Let me put in my \$.02. Discretizing a continuous variable for use as a predictor variable is a very common artifice in the epidemiological literature. This is usually performed so that the epidemiologist can make some statement about relative risks for some outcome, and convey the RR in a simple manner to their colleagues (or at least an approximation to the RR). Now, it needs to be understood exactly what discretizing the continuous predictor variable actually is doing: it allows the user to fit a nonlinear curve to the data. Moreover, this nonlinear curve is discontinuous at the break points. This is an ugly model if I ever saw one. It says that the response is homogeneous within the (artificially) chosen intervals, and that from the end of one interval to the beginning of the next there is often a significant difference in the response. Now, I ask whether it is reasonable to believe that dietary habits (consumption of fruits and vegetables, percent energy from fat) change dramatically from age 34 to age 35, or from age 59 to age 60. I really suspect not, but these are commonly employed models. I would have to agree with Peter that risk for all kinds of poor outcomes related to low birth weight do not change dramatically from 1499 grams to 1500 grams. The risks are probably even greater if the infant weighs 1100 grams than if the infant weighs 1499 grams. And a child that weighs 1501 grams probably is at more risk for poor outcomes than a child who weighs 2300 grams.
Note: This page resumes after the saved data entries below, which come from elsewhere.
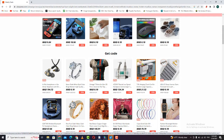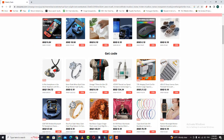Then if you want to use it for dropshipping, Amazon, or eBay. For example, I will choose this one.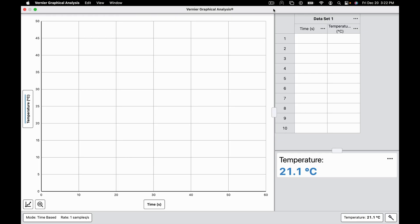This is a brief video showing some of the features found in the Pro version of Graphical Analysis that Logger Pro users will be familiar with.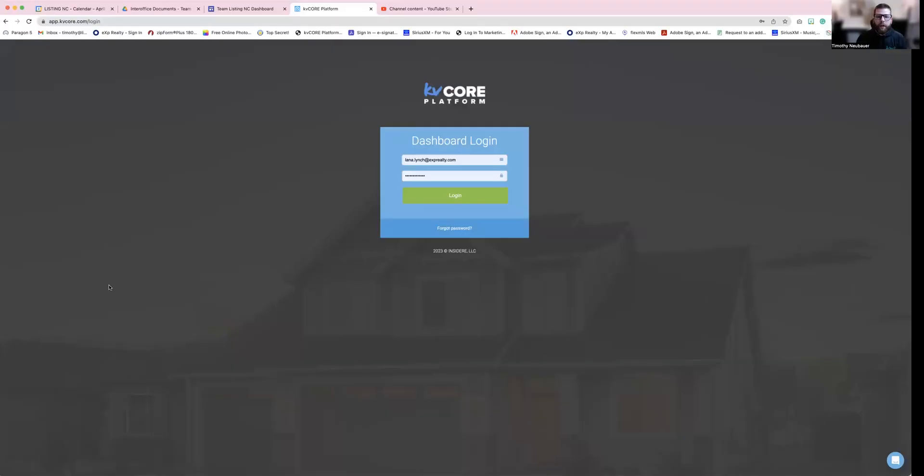Hello, everybody. We're going to do some more KB Core training today. So let me pull it up and share my screen in just a moment. Share screen. All right. So we're going to log into our KB Core today, and I'm going to show you step by step how to get it working for you.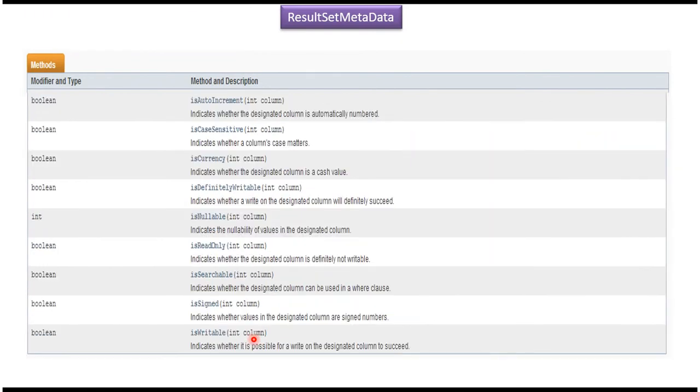And suppose if you want to know whether the column is nullable or not, you can use the isNullable method and you have to pass the column position.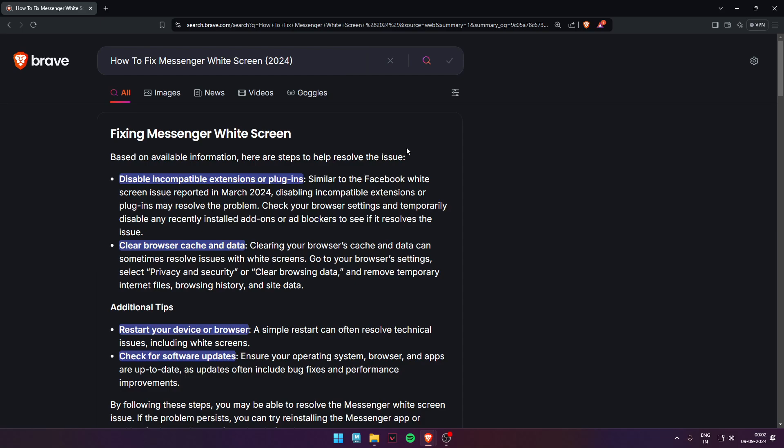Second, clear browser cache and data. Clearing your browser cache and data can sometimes resolve issues with white screen. Go to your browser settings, select Privacy and Security or Clear Browsing Data, and remove temporary internet files, browsing history, and site data.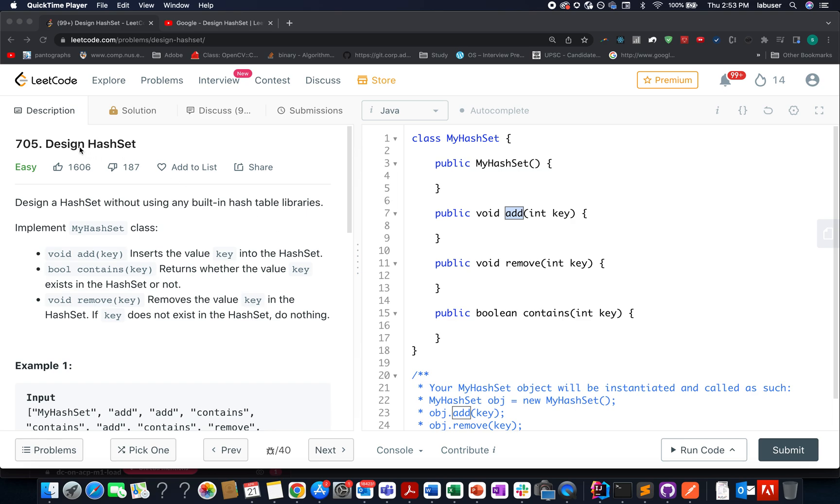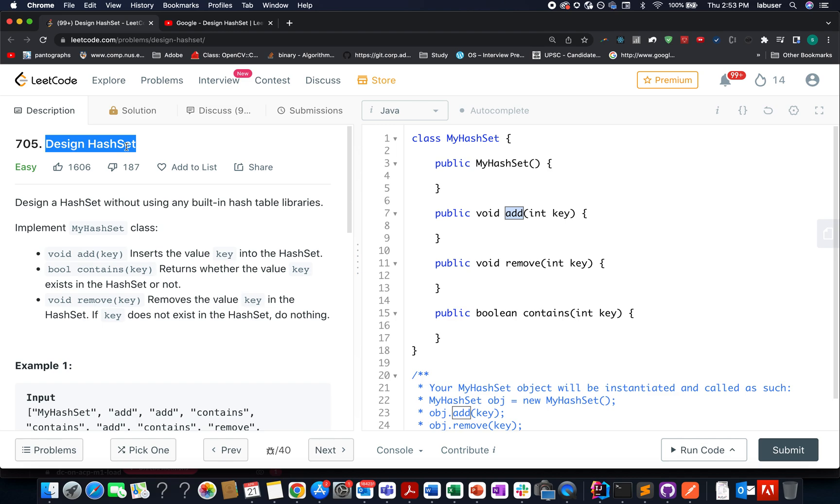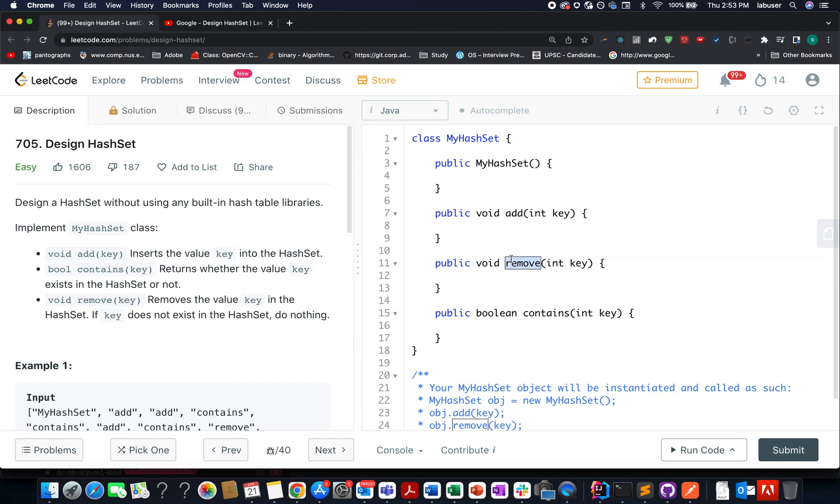The question we have today is Design HashSet. In this question we need to design a HashSet class that has four functions: the constructor of the class, the add method which adds a new key onto the HashSet, the remove method that removes the key from the HashSet, and the contains method that checks whether a key is present in the HashSet or not.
Now, I work with epidemiologists. I have fit many a regression model in which age has been discretized into 3 or 4 intervals. For simple presentation in epidemiological journals, these are the accepted standards. I will not chastise too loudly that this should not be done, although I have tried to suggest alternatives to my colleagues. I have absolutely no doubt that the models which use discretized continuous variables are biased. There are likely very few circumstances in which a noncontinuous response are reasonable. (I leave the door open for a few such outcomes. However, they do not regularly present themselves.)

I have lately been working with an epidemiologist who has had something of an epiphany regarding these issues. When he came to me, he had collaborated with another statistician in the use of flexible regression functions. In particular, for that collaboration they had employed Generalized Additive Models (GAMs). I am not a great fan of GAMs. When you are done fitting the model, can you state the regression equation? I don't believe that GAMs do provide a simple expression. However, there are other tools which allow for flexible regression modelling which yield functions with simple expressions. I had long thought that restricted cubic splines could be a very useful tool for modelling nonlinear (or suspected nonlinear) functions of continuous variables. We are currently using spline methods. Unlike GAMs, with splines you can plug in a value for some continuous predictor and get directly an estimated response. However, even though you may be able to return an estimate directly, it may still be difficult to convey the shape of the response without resorting to graphical methods. This is the direction which I believe we ought to be headed with the modelling of the relationship between responses and continuous covariates: fit some sort of flexible regression and graphically display the fitted response.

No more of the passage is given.